Within the entries below, the lines from the one with "Nalini choker Set" through the one with "evocamp Outdoor-Decke, ultraleichte, warme" are to be set down exactly, both ends kept.

EXERCISE INPUTS: Begin

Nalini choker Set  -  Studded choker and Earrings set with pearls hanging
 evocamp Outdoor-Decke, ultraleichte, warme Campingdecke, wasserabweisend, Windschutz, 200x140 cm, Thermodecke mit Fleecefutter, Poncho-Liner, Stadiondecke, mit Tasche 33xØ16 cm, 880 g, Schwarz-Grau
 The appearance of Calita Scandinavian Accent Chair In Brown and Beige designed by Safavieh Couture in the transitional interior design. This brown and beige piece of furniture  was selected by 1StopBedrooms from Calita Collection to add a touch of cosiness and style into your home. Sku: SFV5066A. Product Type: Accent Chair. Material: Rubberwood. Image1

EXERCISE INPUTS: End
EXERCISE INPUTS: Begin

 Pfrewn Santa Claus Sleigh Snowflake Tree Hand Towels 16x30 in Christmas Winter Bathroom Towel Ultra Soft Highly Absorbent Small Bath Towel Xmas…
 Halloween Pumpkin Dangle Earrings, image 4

EXERCISE INPUTS: End

- _RESULT OF THE EXERCISE_
Nalini choker Set  -  Studded choker and Earrings set with pearls hanging
 evocamp Outdoor-Decke, ultraleichte, warme Campingdecke, wasserabweisend, Windschutz, 200x140 cm, Thermodecke mit Fleecefutter, Poncho-Liner, Stadiondecke, mit Tasche 33xØ16 cm, 880 g, Schwarz-Grau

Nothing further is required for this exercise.